Penahanan di Rutan KPK untuk Perlindungan
Jaksa Agung Muda Pengawasan (Jamwas) Kejaksaan Agung, Rudi Margono, menjelaskan bahwa penempatan Febrie Adriansyah di Rutan KPK dipilih dengan berbagai pertimbangan. Salah satunya adalah memberikan perlindungan kepada yang bersangkutan mengingat peran penting Febrie dalam penanganan kasus-kasus besar sebelumnya.
“Kami memastikan yang bersangkutan pernah berjasa menangani kasus-kasus besar, sehingga penahanan di Rutan KPK juga untuk menjaga akuntabilitas dan transparansi proses hukum,” ujar Rudi.
Transparansi dan Akuntabilitas Proses Hukum
Selain untuk perlindungan, penahanan di Rutan KPK juga bertujuan menjaga transparansi dan sinergi antara Kejaksaan Agung dengan KPK selama proses hukum berlangsung. Rudi menegaskan bahwa hal ini diambil agar proses hukum berjalan dengan baik dan yang bersangkutan merasa lebih nyaman selama penahanan.

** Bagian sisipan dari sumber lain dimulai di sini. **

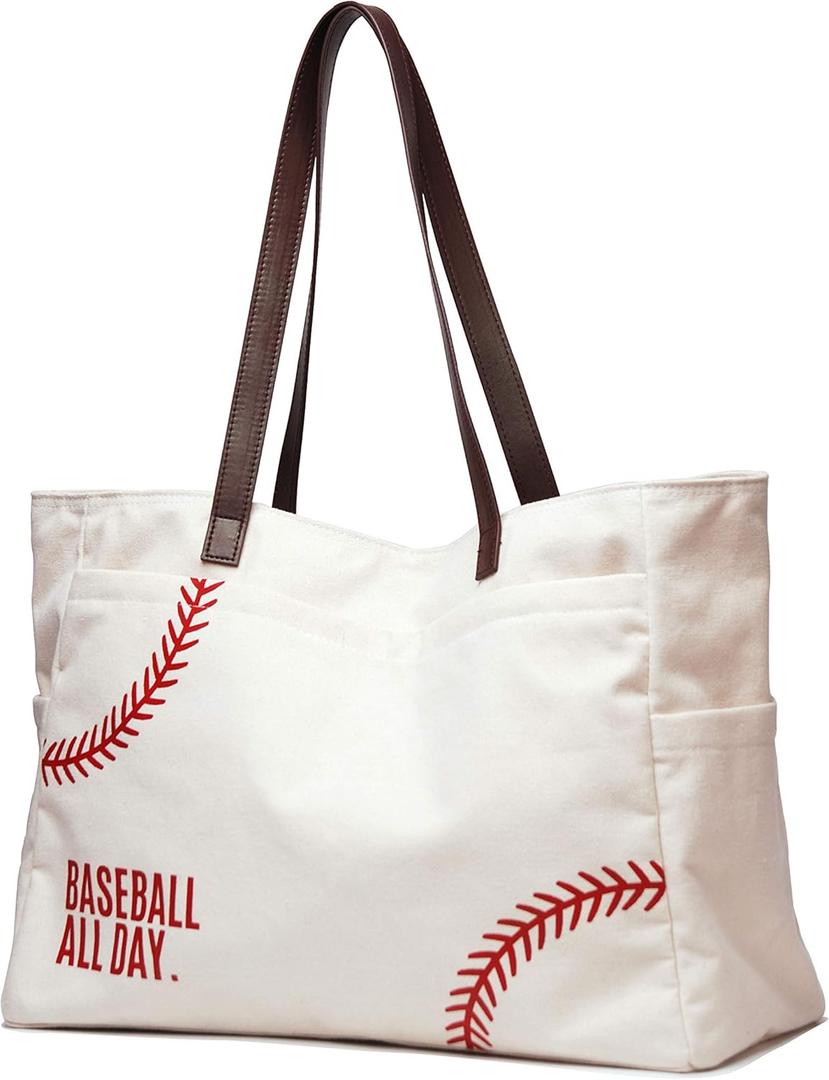 JIU HONG CHAO XL Baseball Mom Tote Bags For Women Canvas Utility Purse Handbag with Pockets Embroidery Baseball Prints Shoulder Bag Baseball Stuff Gifts for Baseball Mom (X-Large, White)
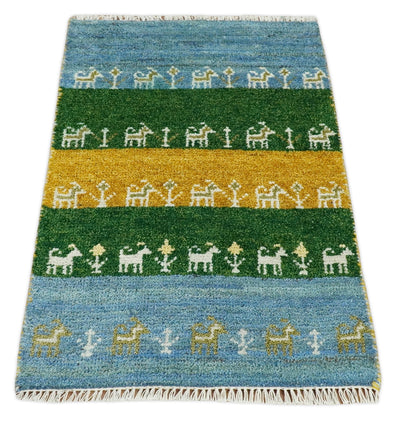 Small 2x3 Gold and Blue Wool Hand Knotted traditional Vintage Antique Southwestern Gabbeh | TRDCP46123 - The Rug Decor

“Ini sangat masuk akal mengingat banyaknya kasus besar yang pernah ditangani oleh Febrie,” tambah Rudi.
Penetapan Tersangka dan Kronologi Singkat
Febrie Adriansyah telah resmi ditetapkan sebagai tersangka dan langsung ditahan selama 20 hari sejak Jumat, 24 Juli 2026. Penahanan dilakukan di Rutan KPK cabang Jakarta Timur. Ia tiba di rutan tersebut sekitar pukul 23.20 WIB setelah menjalani pemeriksaan di Kejaksaan Agung.

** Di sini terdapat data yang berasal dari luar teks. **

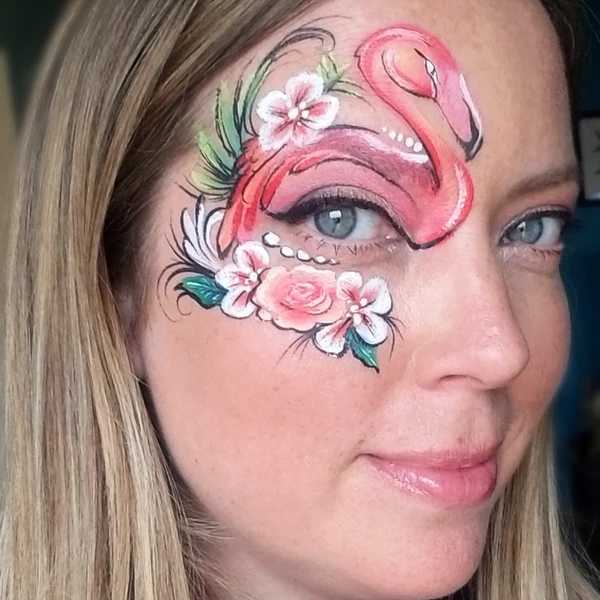 Coral Flamingo Face Paint Design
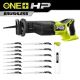 RYOBI ONE+ HP 18V Brushless Cordless Reciprocating Saw (Tool Only) with Reciprocating Saw Blade Set (15-Piece) PBLRS01B-A231501
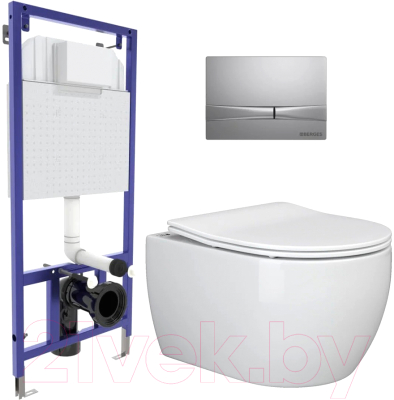 Унитаз подвесной с инсталляцией Ceramica Nova Rimless CN3001 + F2 040252 - фото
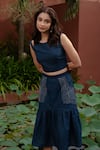 RIVI_Blue Hemp Hand Embroidered Katha Round Oceanic Shoulder Cut-out Top With Skirt _Online_at_Aza_Fashions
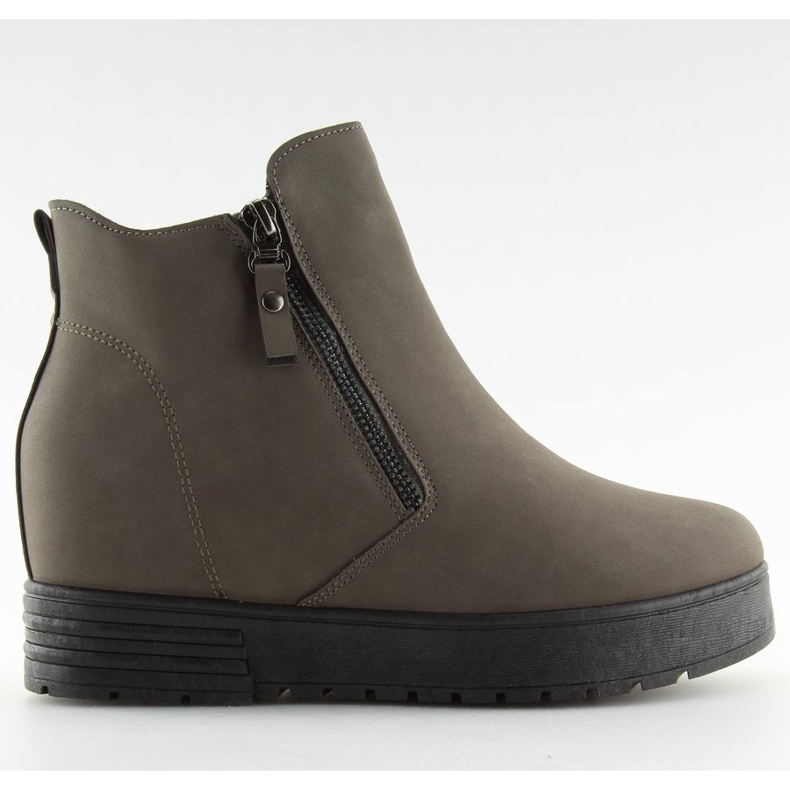 Botki na ukrytym koturnie szare SJ657 Dark Grey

Kasus dugaan TPPU ini terkait dengan temuan barang bukti berupa 74 kilogram emas dan uang miliaran rupiah saat penggeledahan di sejumlah lokasi, termasuk rumah Febrie di Sentul.
Kasus Lain yang Menjerat Febrie
Dengan status tersangka dalam kasus TPPU ini, Febrie kini menjadi tersangka dalam dua perkara. Selain dugaan pencucian uang, ia juga tersangkut kasus dugaan korupsi di PT ASABRI. Sementara itu, untuk kasus PLTU dan Krakatau Steel yang tengah diselidiki, belum ada penetapan tersangka.
Implikasi dan Perkembangan Selanjutnya
Penahanan Febrie di Rutan KPK memperlihatkan upaya Kejaksaan Agung dalam menjaga proses hukum yang transparan dan akuntabel, terutama dalam kasus-kasus besar yang melibatkan pejabat tinggi. Langkah ini juga menunjukkan sinergi antara Kejaksaan Agung dan KPK dalam penanganan perkara korupsi dan tindak pidana pencucian uang di Indonesia.